Once the lease information has been captured -- usually in an abstract -- the analysis continues to look at the utilization and efficiency of the space. Depending on the type of space, the analysis could look at metrics like sales per square foot, cube utilization or employees or workspaces per square foot.
When your business calculates all of the metrics for every space, you are in position to start the process of commercial real estate optimization for your company. To do this, you look carefully at each space compared to your entire portfolio of similar spaces and compared to each space individually.

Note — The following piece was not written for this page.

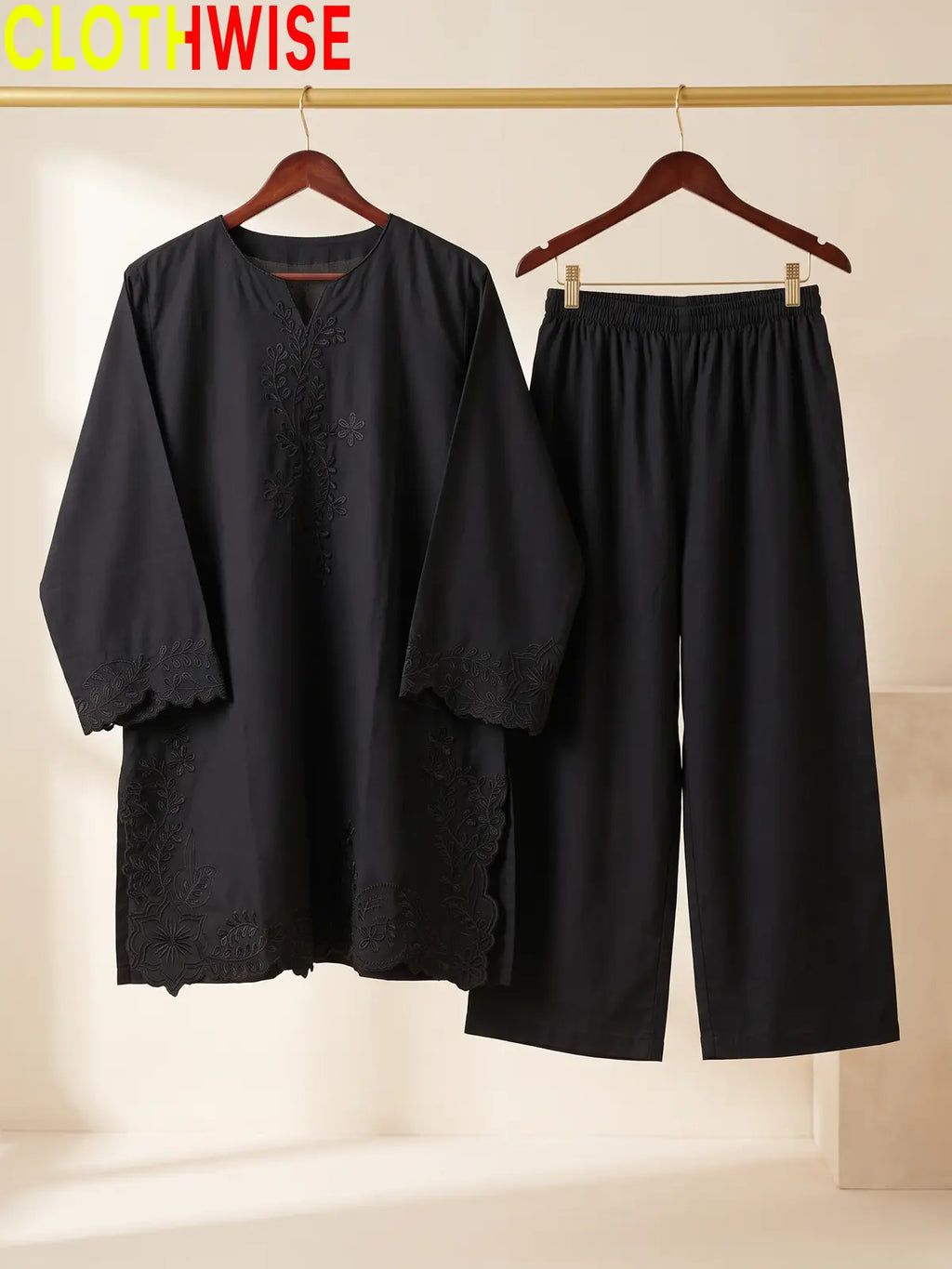 Embroidered Cotton Kurti with Wide Leg Flapper | Scalloped Hem Co-ord Set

Spaces that outperform the norm become benchmarks, while those that under perform receive further scrutiny to see if they can be improved or if your company needs to look into making more drastic changes.
At this point in the commercial real estate optimization process, you should have a list of spaces to keep and spaces to either renegotiate, shrink or exit. Your list of expiration dates and option dates comes into play. For spaces that are coming up soon, either notify your landlord that you want to exercise your option, or them them know that you plan to vacate.
When you have a space that you want to leave and that has a long term lease, the process gets more complicated. You will usually have to find a way to shrink it with the landlord's permission, buy the lease out, sublease it or hold on to it and absorb the cost. Many of these possibilities carry complexity.
The commercial real estate optimization process takes an entire team of professionals to complete. Your internal accounting or corporate real estate team, working with commercial real estate optimization software, can usually collect the data and calculate the metrics. Decision making and execution could go as high as your C-suite and may also involve in-house or outside counsel.
No commercial real estate optimization campaign is complete without outside help from a tenant representative. He can help you look at your company's portfolio and its performance in the context of the surrounding commercial real estate world. In addition, if your company decides to make changes, he can advise you as to the best strategies to use, then execute in the market for you.